Industry collaboration is key to tackling modern security challenges

Microsoft researchers, partners and security experts showcase the latest collaborations in defence strategies for cybersecurity

Masked man facing a laptop screen.

The cyberthreat landscape is evolving rapidly. According to a recent Kaspersky Lab report, more than 150 million malware attacks occurred in Q1 2019 in the Middle East, Turkey and Africa alone, representing an average of 1.6 million attacks per day, and an alarming 108% year over year increase from Q1 2018.

But, by being laser-focused on the latest research and innovations created to address today’s threats, we can shape the future of cybersecurity.

According to Ann Johnson, CVP of the Microsoft Cybersecurity Solutions Group, a modern security approach requires a combination of industry partnerships, intelligence sharing and collaborations. “We have to think about security as a team sport,” she says as Microsoft attended Black Hat USA, one of the biggest infosec events in the world. “That’s why at Microsoft, we work with our partners and the security research community to identify and mitigate potential issues before our customers are ever impacted.”

Part of creating a strong security community is making sure the whole team has the latest play book. When Microsoft’s Security Response Centre successfully executed a court order to disrupt and transfer control six internet domains created by the Strontium attack group, they knew it was imperative to share their innovative approach to help strengthen the community’s knowledge. As Eric Doerr, General Manager of Microsoft’s Security Response Centre says, “We knew that cyberattacks were becoming increasingly sophisticated, and this affirmed our belief that cyber defenders should share attack experiences and techniques. By sharing these stories from our response teams, we are empowering defenders everywhere to help protect their networks better.”

This need for a collaborative approach to security is also the reason Microsoft seizes opportunities to share its experiences and help all defenders become more resilient. Events like Black Hat USA, for example, which took place 5 – 8 August, 2019 in Las Vegas, are great opportunities for front-line cyber teams to have ongoing conversations with partners and defenders from across the industry.

During the week of Black Hat, Microsoft gave defenders a snapshot of the work going on every day on the front-lines of Microsoft security – from its innovations in malware detections to best practices to help ensure if a cyber incident happens, defenders are well equipped to recover quickly.

Safety in the cloud

Knowing that the future of computing would be powered by the cloud, Microsoft invested in keeping its Azure cloud secure by launching the Azure bug bounty programme in 2015. Now, to encourage even more researchers to join the hunt, Microsoft is doubling the top reward for discovering Azure vulnerabilities to $40,000.

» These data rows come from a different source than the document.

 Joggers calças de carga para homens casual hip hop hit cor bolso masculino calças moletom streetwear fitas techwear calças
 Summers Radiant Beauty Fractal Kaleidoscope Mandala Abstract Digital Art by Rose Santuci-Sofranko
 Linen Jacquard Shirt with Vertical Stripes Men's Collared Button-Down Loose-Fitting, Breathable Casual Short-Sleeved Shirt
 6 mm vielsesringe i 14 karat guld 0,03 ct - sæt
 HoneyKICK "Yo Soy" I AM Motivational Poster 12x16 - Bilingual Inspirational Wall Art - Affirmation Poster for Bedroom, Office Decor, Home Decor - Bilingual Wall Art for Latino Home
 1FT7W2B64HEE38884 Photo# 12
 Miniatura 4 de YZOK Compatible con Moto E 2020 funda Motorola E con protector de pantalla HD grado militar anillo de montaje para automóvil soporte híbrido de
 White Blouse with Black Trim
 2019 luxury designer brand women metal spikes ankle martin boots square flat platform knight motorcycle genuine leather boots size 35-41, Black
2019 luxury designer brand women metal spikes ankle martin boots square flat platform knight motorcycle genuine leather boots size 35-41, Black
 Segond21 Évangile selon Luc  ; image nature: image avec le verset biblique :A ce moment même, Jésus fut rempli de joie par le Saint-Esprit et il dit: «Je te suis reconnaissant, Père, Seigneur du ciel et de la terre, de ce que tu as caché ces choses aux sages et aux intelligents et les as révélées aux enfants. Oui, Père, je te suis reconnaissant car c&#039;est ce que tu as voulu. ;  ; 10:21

And, to make it easier for researchers to confidently and aggressively test Azure, Microsoft is inviting a select group of talented individuals to emulate criminal hackers in a customer-safe cloud environment called the Azure Security Lab. This new test environment enables security researchers to test attacks against cloud scenarios without risk to Azure customers. Participants can not only research vulnerabilities in Azure, they can attempt to exploit them in a contained space.

“The Azure Security Lab will also have new scenario-based challenges with additional bounty awards of up to $300,000. Throughout the year, more than $2 million of scenario bounty rewards will be offered to Azure Security Lab participants,” said Kymberlee Price, Principal Security PM Manager at Microsoft’s Security Response Centre.

Stronger together
Man with fingers on laptop.
Microsoft is committed to ensuring our cloud is secure from modern threats. In fact, Azure was built with security in mind from the beginning, and we continuously work to help customers secure their Azure cloud environment with products such as Azure Sentinel and Azure Security Centre. And if a situation arises, our Cloud Defense Operation Centre (CDOC) and security teams work around the clock to identify, analyse and respond to threats in real time.

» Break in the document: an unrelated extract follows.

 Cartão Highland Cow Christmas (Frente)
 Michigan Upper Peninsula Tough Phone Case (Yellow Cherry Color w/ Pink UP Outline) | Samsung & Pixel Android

At Microsoft, we work hard to earn our customers’ trust in the cloud, but we don’t do it alone. Partnerships are core to our security strategy, and one of our key partners is the global community of security researchers. By identifying and reporting vulnerabilities to Microsoft through coordinated vulnerability disclosure, security researchers have repeatedly demonstrated that working together helps protect customers. In appreciation of their efforts and the opportunity to mitigate issues before they are publicly known and used for harm, we’ve issued $4.4 million dollars in bounty rewards over the past 12 months.

We appreciate our security partners across the industry and believe the new programmes announced at Black Hat, as well as the security updates published recently, will help further protect the Azure ecosystem.